Teresha Aird, Offices.net
Host Quarterly Retreats
Hosting quarterly retreats is a great way to reinforce workplace culture and promote cultural continuity, particularly for businesses that have high turnover and are frequently onboarding new employees. All employees, both new and old, need to be periodically reminded of the key cultural pillars that make up your business. Retreats provide multiple opportunities for team building activities designed to maintain and build new cultural ties between colleagues, something which is particularly important for new employees looking to integrate themselves. Remote businesses would also be wise to explore the potential of digital retreats. Digital retreats often involve virtual team building sessions and guest speaking sessions, providing colleagues with a lot of the benefits of traditional corporate retreats in a remote setting.

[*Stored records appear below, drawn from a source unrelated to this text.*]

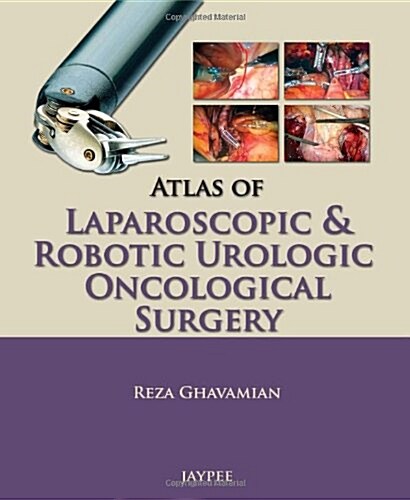 Atlas of Laparoscopic and Robotic Urologic Oncological Surgery (Paperback)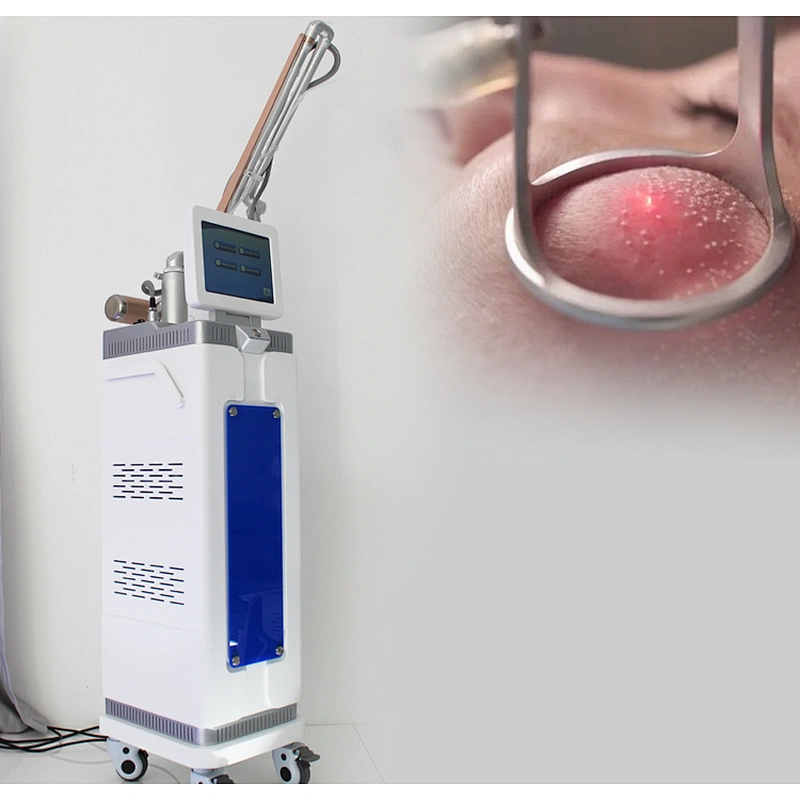 2024 Hot Sale 3 in 1 Skin Rejuvenation  Scar Revmoval Vaginal Laser Tightening  Face Lifting Equipment Tube Laser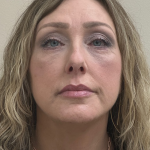 HourLift Before & After Patient #10556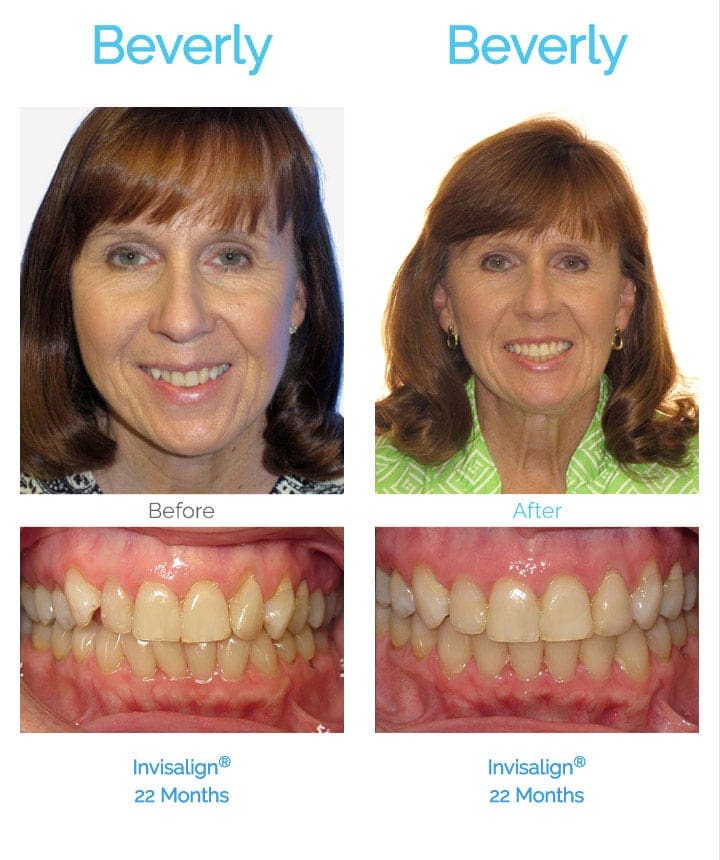 before and after braces adults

Clare Jones, OfficeSpaceAU
Start a Culture Committee
One strategy for promoting cultural continuity in the workplace is to start a culture committee. This employee-run group can consist of team members from different departments and plan regular programming that creates a consistent company culture. This approach ensures consistency and regularity in company core values, team building programming, employee morale, and workplace atmosphere.
Carly Hill, Virtual Holiday Party
Have Leadership Share Their Origin Stories
About pages of companies are usually factual but boring, the equivalent of a lame resume. Hearing the drama from former or jaded employees is always fascinating! Encourage current employees to share THEIR history with the organization constructively. Start by having leadership share their origin stories. Stories of human beings being human resonate with most people.